Sherrerd Hall, 3rd floor open space
Princeton, NJ 08544 United States + Google Map

Food and discussion begin at 12:30 pm. Open to current Princeton faculty, staff, and students. Open to members of the public by invitation only. Please contact Jean Butcher at if you are interested in attending a particular lunch.

De-anonymization is identifying the owner of an anonymous piece of data to re-identify the source. Research has shown that it is possible to de-anonymize individuals in large datasets by searching for fingerprints in anonymous data. In this work, we are interested in de-anonymizing programmers by attributing authorship to code samples of unknown authors.
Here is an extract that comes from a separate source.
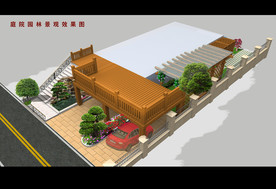 别墅防腐木阳台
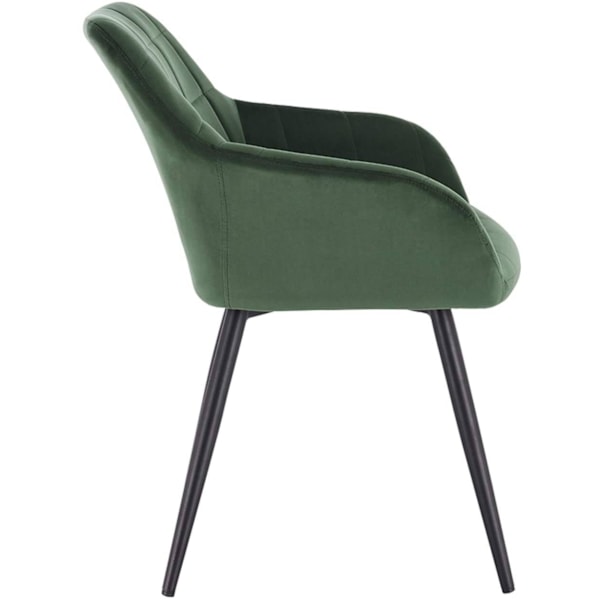 Rootz Set med 4 matstolar - Sammetsfåtöljer - Metallramstolar - Bekväma och ergonomiska - Hållbara och stabila - Snygg design - Mörkgrön - 49cm x 43cm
Being able to de-anonymize programmers can aid in resolving plagiarism issues, forensic investigations, and copyright-copyleft disputes. However, being able to de-anonymize individuals among thousands is a direct threat to privacy and anonymity. In this talk, we will examine de-anonymizing programmers from the standpoint of machine learning, which provides methods applicable to code stylometry to model programmers’ coding styles. Stylometry has been known to exist as the study of writing style, which is unique to every author. Similarly, code stylometry shows that coding style is unique to each programmer. Consequently, it is possible to de-anonymize programmers from their coding styles. A source code sample can be represented as a feature vector consisting of stylometric properties of code, such as lexical, layout, and syntactic properties. By using these numeric representations, a machine learning classifier generates a model for each programmer’s style, and attributes authorship to 14,400 anonymous source code samples of 1,600 programmers with 94% correct classification rate, which is a breakthrough in accuracy.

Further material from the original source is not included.